#### Aim of the task
Would you return exactly the lines below from the line with "Casa à venda com 287m², 3 quartos e 4 vagas Casa" through the line with "Casa com 250m², 3", both included, and nothing else, leaving out the pictures?

#### Materials provided
= Beginning of Section =
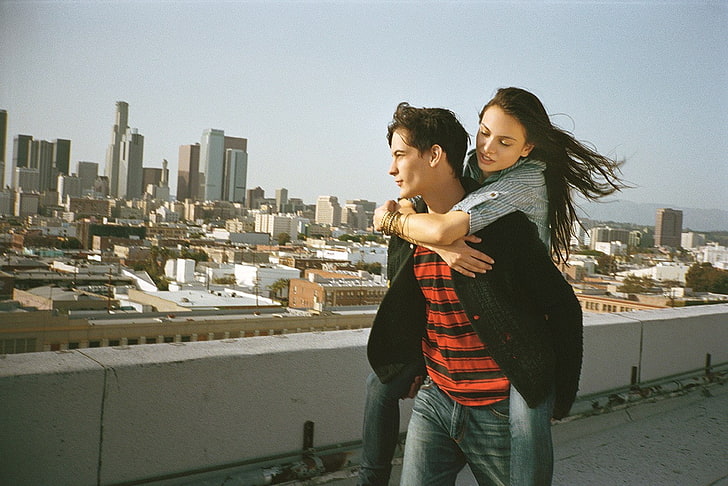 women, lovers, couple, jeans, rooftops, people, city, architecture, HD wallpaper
= End of Section =
= Beginning of Section =
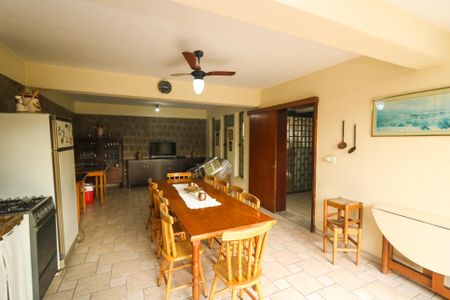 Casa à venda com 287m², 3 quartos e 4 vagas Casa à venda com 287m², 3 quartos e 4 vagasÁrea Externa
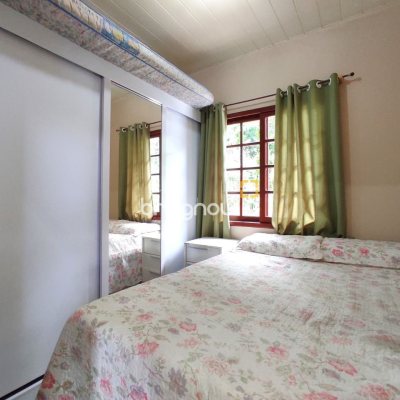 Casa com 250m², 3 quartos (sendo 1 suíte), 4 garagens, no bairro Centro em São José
= End of Section =
#### Written reply
 Casa à venda com 287m², 3 quartos e 4 vagas Casa à venda com 287m², 3 quartos e 4 vagasÁrea Externa
 Casa com 250m², 3 quartos (sendo 1 suíte), 4 garagens, no bairro Centro em São José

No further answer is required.